# Description of the task
Wherever the word "image" appears in a line of the records, copy that line.

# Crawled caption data
>>>>>
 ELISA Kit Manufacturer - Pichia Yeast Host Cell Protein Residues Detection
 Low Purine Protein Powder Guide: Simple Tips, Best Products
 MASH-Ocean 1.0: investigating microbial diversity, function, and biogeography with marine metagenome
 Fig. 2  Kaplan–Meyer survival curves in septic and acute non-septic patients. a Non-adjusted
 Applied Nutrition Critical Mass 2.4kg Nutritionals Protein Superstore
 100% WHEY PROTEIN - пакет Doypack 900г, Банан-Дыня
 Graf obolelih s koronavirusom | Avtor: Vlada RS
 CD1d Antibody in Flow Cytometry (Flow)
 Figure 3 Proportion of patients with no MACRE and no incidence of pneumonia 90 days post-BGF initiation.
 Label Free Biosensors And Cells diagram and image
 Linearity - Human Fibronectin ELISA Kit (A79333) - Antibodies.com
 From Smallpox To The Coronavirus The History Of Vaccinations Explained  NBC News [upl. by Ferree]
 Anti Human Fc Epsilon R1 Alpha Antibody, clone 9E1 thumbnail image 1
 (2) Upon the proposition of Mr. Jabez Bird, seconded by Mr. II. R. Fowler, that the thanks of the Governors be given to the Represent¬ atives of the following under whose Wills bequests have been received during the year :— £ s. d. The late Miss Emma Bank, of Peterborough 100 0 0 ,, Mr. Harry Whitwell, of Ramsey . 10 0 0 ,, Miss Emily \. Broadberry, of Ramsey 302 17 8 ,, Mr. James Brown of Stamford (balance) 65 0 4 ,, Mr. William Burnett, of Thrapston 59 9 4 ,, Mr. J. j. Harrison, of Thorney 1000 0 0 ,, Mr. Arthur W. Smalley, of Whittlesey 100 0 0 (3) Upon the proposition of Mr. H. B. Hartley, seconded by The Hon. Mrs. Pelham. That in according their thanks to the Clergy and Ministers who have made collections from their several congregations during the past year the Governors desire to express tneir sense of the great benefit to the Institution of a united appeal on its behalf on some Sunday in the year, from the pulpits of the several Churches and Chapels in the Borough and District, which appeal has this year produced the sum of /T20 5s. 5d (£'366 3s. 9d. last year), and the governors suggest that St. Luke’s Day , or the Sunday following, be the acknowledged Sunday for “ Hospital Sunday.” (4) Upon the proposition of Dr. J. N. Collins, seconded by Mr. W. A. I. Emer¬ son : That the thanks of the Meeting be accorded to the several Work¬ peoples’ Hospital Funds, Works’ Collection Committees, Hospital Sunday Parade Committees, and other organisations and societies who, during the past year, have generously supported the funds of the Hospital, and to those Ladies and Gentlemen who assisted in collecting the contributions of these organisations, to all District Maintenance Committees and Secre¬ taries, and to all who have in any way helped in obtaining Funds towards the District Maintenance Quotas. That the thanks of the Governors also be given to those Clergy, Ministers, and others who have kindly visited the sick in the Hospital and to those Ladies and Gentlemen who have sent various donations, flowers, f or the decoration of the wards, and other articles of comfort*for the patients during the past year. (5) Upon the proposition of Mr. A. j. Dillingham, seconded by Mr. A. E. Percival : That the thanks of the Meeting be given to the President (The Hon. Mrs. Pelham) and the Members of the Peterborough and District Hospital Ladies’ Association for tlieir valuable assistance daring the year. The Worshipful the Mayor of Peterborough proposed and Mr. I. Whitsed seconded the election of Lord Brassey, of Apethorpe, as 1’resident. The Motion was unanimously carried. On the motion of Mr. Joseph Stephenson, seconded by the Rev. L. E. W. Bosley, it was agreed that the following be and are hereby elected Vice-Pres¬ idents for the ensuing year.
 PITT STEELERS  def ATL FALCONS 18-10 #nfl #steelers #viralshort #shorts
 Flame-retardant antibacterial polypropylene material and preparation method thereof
<<<<<
# Task response
 Label Free Biosensors And Cells diagram and image
 Anti Human Fc Epsilon R1 Alpha Antibody, clone 9E1 thumbnail image 1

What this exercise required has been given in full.